"The holiday passed in a haze of bickering. By all accounts, my children play beautifully together when I am not around. However, they seem to save this secret ability to relate to each other well for those precious mommy-free moments. As soon as I enter the scene, the 'Who's going to win Mommy's attention' game continues in full-swing. Their constant bickering is driving me crazy, and making the holiday season into a nightmare. I can't wait for them to go back to school."

Don't despair if the above scene describes your typical holiday experience. This article is intended to address the psychological challenges of spending time as a family, and provide practical advice to safeguard the positive quality of your family interactions while taking steps to prevent the situation from deteriorating into an all-out struggle for parental attention.

While a sibling relationship has the potential to be a treasured and beautiful relationship, it is not a given that all sibling relationships will achieve this potential. Most do not, because the unique stresses involved in sharing both parents and living space, and the competition for limited family resources can turn the sibling relationship into a fierce rivalry.

If this is the pattern you have been observing in your home until now, relax. First of all, this situation is a natural one, and it is present in every family at certain times. However, when sibling rivalry begins to interfere with the family's ability to spend time together as a complete unit during holidays and family gatherings, it is advisable for parents not to let nature take its course, but rather to employ the following tactical strategies designed to enhance family togetherness.

1. Reserve family time for bonding with the family as a whole:

Parents need to be careful not to single anyone out for special attention, whether by sitting someone on their lap, tickling them, or even by throwing them in the air. This type of parental behavior can inadvertently set the stage for a new round of conflict, by giving them an incentive to start competing for your attention. Family-time, such as time around the table during drawn-out holiday meals, and relaxing in the living room after the meal, is not the time to bond with individual children. Reserve family time for bonding with the family as a whole. If your family enjoys singing, select songs that everyone can sing. Choose games that the family can play as a whole.

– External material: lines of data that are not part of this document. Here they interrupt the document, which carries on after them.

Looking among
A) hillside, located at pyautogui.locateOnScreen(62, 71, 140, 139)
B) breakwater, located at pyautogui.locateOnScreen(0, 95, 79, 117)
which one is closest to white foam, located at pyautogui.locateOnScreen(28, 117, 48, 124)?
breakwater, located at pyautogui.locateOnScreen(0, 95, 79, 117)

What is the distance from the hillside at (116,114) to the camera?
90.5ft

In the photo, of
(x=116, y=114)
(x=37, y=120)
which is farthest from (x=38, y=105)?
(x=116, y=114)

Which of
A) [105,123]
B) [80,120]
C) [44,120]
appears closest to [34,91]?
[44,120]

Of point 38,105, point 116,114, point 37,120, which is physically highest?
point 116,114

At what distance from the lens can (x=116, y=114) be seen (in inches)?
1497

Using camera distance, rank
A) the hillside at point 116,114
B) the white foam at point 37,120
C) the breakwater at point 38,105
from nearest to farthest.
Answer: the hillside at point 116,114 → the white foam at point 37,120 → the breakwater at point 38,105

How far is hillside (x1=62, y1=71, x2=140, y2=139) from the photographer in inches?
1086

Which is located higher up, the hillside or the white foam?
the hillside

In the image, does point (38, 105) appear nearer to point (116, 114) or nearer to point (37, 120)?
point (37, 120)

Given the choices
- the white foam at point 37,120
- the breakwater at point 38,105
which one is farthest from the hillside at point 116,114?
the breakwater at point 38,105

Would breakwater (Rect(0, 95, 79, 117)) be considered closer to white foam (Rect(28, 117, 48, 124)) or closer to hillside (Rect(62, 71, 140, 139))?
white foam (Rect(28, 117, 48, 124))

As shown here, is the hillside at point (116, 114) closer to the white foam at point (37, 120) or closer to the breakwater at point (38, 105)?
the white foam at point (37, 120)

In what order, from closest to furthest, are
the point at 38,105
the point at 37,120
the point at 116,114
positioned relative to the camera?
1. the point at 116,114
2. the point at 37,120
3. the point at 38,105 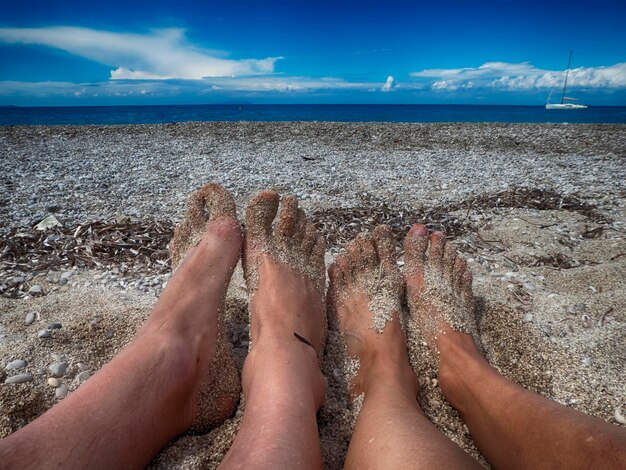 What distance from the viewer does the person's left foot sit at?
5.02 feet

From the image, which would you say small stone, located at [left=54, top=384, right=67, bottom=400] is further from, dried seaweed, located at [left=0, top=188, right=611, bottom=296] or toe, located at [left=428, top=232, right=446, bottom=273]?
toe, located at [left=428, top=232, right=446, bottom=273]

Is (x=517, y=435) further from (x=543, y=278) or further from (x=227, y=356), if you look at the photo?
(x=543, y=278)

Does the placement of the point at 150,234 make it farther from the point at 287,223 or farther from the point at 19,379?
the point at 19,379

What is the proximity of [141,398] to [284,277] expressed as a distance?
3.10 feet

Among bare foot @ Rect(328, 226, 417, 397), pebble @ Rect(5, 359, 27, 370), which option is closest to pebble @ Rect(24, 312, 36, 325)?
pebble @ Rect(5, 359, 27, 370)

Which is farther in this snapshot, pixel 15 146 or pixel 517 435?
pixel 15 146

While it is important to strengthen individual relationships within the family system, save that for a time when you can be alone with an individual child, for example at bedtime or while taking a walk. Many religious communities offer parent-child learning opportunities in neighborhood synagogues, which is a wonderful opportunity to focus on individual children. Every child can have some time alone in this setting. Even a young and newly literate child can spend ten minutes sitting with his father in shul.

2. Don't be a Judge or a Policeman:

As long as nobody is being physically or psychologically injured by someone else give them the space to work out their conflicts alone. Don't get more involved than you need to be. I often say to my older daughter, "Your brother is crying. What can you do to make him feel better?" Such a question is a way of empowering her and emphasizing her responsibility to find a solution. Instead of focusing on the issue of who started it or the details of what is going on, it maintains the focus on how to end the negative interaction.

3. Focus on the Long-Term Goal:

Living in Israel, I frequently observe Israeli-born children of native English-speaking parents speak to their parents in English, and then immediately switch into Hebrew when they address their sibling. This is a very tangible an example of how the sibling relationship is a distinctly separate one from the parent-child relationship, with its own set of rules and interactions, even its own language.

Parents who make the mistake of always being the middleman in their children's interactions may find that even after their children reach adulthood, they still do not relate to each other directly. If you want your children to be close to each other as adults, take yourself out of the picture now.

Let your children use this time to get to know each other, and create the bond that will accompany them for the next hundred years. This is a chance for them to interact in new ways, and deepen their connection, away from the distractions provided by school classes and friends. Their relationship is not about you, and they don't need to relate to each other the way they relate to you. While you may not want your boys wrestling with you, it is fine if they wrestle together if that is something they both enjoy. Don't worry. By the time they become adults, they will probably find a new way of relating to each other in place of wrestling, but they will still hold onto the bond that wrestling helped them to develop.